Во время войны Туджман был партизаном и закончил ее в звании майора. Потом занимал различные штабные должности и писал работы по военной истории. В 1961 году Туджман стал самым молодым генералом ЮНА.
В 1960-х годах он занимал пост директора Института истории рабочего движения в Хорватии. Туджман принимал участие в деятельности «Матицы Хрватски» и подписал знаменитую декларацию о языке. За это его исключили из партии. В 1972 году его арестовали, но благодаря вмешательству Тито Туджман просидел в тюрьме лишь несколько месяцев. Он оставался диссидентом до самого развала Югославии.
В СКХ началась тотальная чистка: со своих постов были сняты около четырехсот руководителей разного уровня. По официальным данным, различные меры партийного воздействия применили к 947 членам СКХ, в том числе к 69 членам ЦК. Из Союза был исключен 741 человек[724]. Бывшие лидеры «хорватской весны» приводили, впрочем, другие данные. Савка Дабчевич-Кучар утверждала, что из партии было исключено около 70 тысяч человек, за три года — с 1969-го по 1971-й было возбуждено всего 1449 уголовных дел, а в первую половину 1972-го — 3606, причем 2289 приходилось на Хорватию[725].

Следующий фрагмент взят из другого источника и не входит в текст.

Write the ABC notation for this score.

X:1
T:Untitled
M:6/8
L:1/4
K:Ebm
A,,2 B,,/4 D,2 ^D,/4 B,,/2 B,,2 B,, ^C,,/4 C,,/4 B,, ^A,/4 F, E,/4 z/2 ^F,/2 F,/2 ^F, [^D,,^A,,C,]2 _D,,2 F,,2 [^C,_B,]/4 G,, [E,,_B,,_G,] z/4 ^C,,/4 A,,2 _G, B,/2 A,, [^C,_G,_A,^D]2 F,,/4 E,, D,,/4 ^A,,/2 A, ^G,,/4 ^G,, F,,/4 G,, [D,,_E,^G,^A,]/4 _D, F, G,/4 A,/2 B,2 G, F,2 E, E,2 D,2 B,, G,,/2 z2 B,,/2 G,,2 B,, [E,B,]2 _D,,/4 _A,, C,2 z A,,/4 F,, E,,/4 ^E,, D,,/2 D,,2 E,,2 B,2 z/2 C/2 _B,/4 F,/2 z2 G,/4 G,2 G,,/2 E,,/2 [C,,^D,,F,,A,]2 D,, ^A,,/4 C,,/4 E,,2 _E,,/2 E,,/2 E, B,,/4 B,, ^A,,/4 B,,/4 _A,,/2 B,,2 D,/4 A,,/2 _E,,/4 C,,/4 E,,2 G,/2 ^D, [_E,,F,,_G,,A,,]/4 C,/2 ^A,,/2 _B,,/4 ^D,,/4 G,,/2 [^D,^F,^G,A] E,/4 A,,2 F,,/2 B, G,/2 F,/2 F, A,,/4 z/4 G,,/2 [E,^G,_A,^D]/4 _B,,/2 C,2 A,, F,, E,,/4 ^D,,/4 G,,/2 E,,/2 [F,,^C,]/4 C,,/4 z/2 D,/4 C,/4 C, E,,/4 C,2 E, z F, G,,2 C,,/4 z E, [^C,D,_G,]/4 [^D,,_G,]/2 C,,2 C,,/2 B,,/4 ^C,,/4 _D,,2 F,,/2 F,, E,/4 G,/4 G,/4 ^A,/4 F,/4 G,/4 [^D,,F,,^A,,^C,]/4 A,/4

Сами лидеры остались на свободе, но тоже были исключены из партии и лишены престижной работы. Савка Дабчевич-Кучар вышла на пенсию в 1975 году — тогда ей было всего 52 года. Три-пало же был вынужден уйти на пенсию в 45 лет. За ними было установлено плотное наблюдение. К политической деятельности они смогли вернуться только после распада Югославии.
…Еще в мае 1971 года, когда «хорватская весна» была в самом разгаре, Тито заявил, что представители других республик должны извлечь уроки из событий в Хорватии. Он жаловался и на сербское руководство, которое тоже ведет себя слишком либерально по отношению к «контрреволюционным силам». Тито говорил, что «контрреволюционеры» окопались в Белградском университете, в газете «Студент» и сатирическом журнале «Jеж». Он упомянул о неком «заговоре генералов», который якобы готовится против него в Белграде. Тито сказал, что располагает информацией о том, что член Исполнительного бюро серб Миялко Тодорович в разговоре с советскими дипломатами заявил, что в югославском руководстве существует раскол. Из этого Тито сделал вывод о возможных связях сербского руководства с Москвой. «В Белграде, — сказал он, — против меня ведется кампания, поэтому я и не возвращаюсь в Белград».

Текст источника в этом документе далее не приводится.